Warning: failure to appoint replacement contracts administrator leaves employer picking up the bill

Tara Davison examines the legal responsibilities of contractors in a recent case.

30 August 2021

construction law, legal update

This article considers whether a notice is valid when served on a party who is specified in the Contract, but no longer holds office and lacks authority to act. 

In the recent case Scottish case of Michael Wilson v Graeme W Cheyne (Builders) Ltd [2021] ScotSAC Civ (03 August 2021) the Sheriff Appeal Court (SAC) upheld an adjudicator’s decision that an application for interim payment was valid, despite the application having been made to a contract administrator who had withdrawn from acting. The application had been submitted in line with the terms of the contract, and further Michael Wilson (the Employer) was barred from challenging its validity. The cost of failing to appoint a replacement contract administrator amounted to £263,337.53, plus interest.

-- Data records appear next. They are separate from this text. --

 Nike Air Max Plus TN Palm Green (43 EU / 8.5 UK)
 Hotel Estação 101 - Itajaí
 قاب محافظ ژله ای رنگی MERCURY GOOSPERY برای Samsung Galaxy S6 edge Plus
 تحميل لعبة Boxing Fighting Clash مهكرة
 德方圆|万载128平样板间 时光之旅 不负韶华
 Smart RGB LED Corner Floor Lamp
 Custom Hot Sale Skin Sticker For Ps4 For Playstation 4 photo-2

In March 2016, the Employer engaged Graeme W Cheyne (Builders) Ltd (the Contractor) to build a house in Cults, Aberdeen. The contract was based on the standard form “Scottish Building Contracts Committee: Minor Works Building Contract with Contractor’s Design for use in Scotland (MWD/Scot 2016)” (the Contract). 

The mechanism for making interim payments within the Contract is that Interim Applications for payment required to be submitted to the “Architect/Contract Administrator” (A/CA) as defined within the Contract, who was “WCP Architects (the William Cowie Partnership) Ltd” (“WCP”).

The dispute

WCP terminated its appointment in writing to the Employer in July 2019. The Contractor was not informed of this and subsequently submitted interim application for payment number 14 (“interim application 14”) via email to WCP on 21 February 2020. No replacement A/CA was appointed. The Employer did not issue a payment or pay less notice and disputed the validity of service of interim application 14 due to WCP’s resignation.

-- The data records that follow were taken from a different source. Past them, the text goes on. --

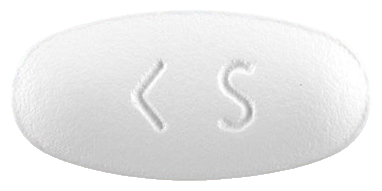 케이실린정625mg 제품 사진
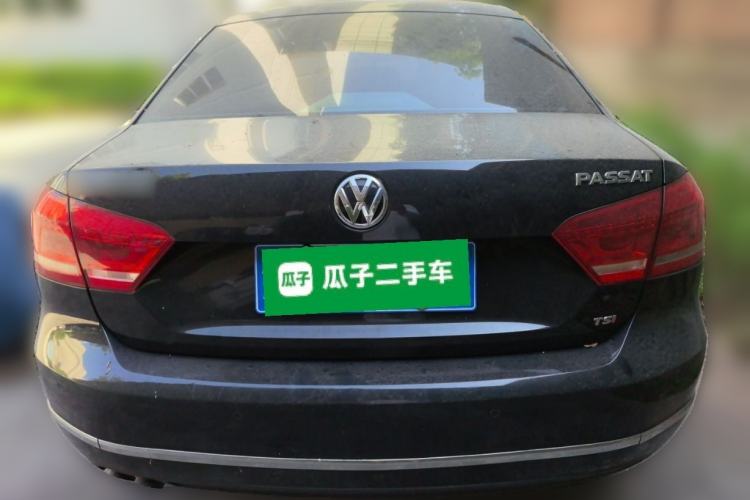 Used Volkswagen Passat 2015 1.4TSI DSG Prestige Edition Rear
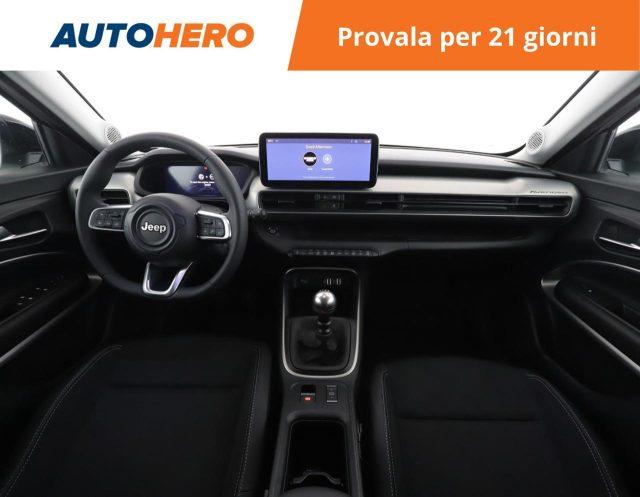 JEEP Avenger 1.2 Turbo 100 CV Altitude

The Contractor referred the interim application 14 dispute to adjudication. 


The Employer’s defence was that interim application 14 was invalid, as it had been improperly served on WCP who was no longer acting A/CA. The Employer also argued that the application failed due to inadequate content as no basis for the calculation of the sum was provided. 

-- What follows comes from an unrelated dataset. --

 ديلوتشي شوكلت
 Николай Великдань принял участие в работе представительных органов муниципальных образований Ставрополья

The adjudicator held that the interim payment application was valid, in both service, content and substance. The Employer was ordered to pay the full sums claimed to the Contractor, along with fees and expenses. Payment was not made and the Contractor raised enforcement proceedings at the Sheriff Court. 

Sheriff Court

In defending the enforcement action, the Employer sought a declaration that interim application 14 was invalid as well as challenging the adjudicator’s decision on grounds that: (1) the adjudicator failed to exhaust his jurisdiction; (2) the adjudicator failed to provide adequate reasons for the decision; and (3) interim application 14 was tainted by fraud due to alleged dumping of hazardous and illegal materials on site. 

At first instance the Sheriff granted summary decree in favour of the Contractor on the basis that the Employer had no real prospects of success.

Sheriff Appeal Court

The Employer appealed the decision to the SAC. The Employer argued that there was no requirement in the Contract to inform the Contractor that WCP had ceased to act. It further argued that the Contractor could have demanded a new A/CA appointment. 

In examining the arguments, the court applied the general principle that a notice will normally be deemed to be validly served by reference to the particular contractual provisions, using the normal rules of contractual interpretation.

The court held that in respect of the formalities of service, the need for a notice to arrive in the hands of someone with authority to act corresponded to the need for service upon the party specified in the contractual notice provisions, and should not extend to the question of whether or not the party had authority to act at a certain time.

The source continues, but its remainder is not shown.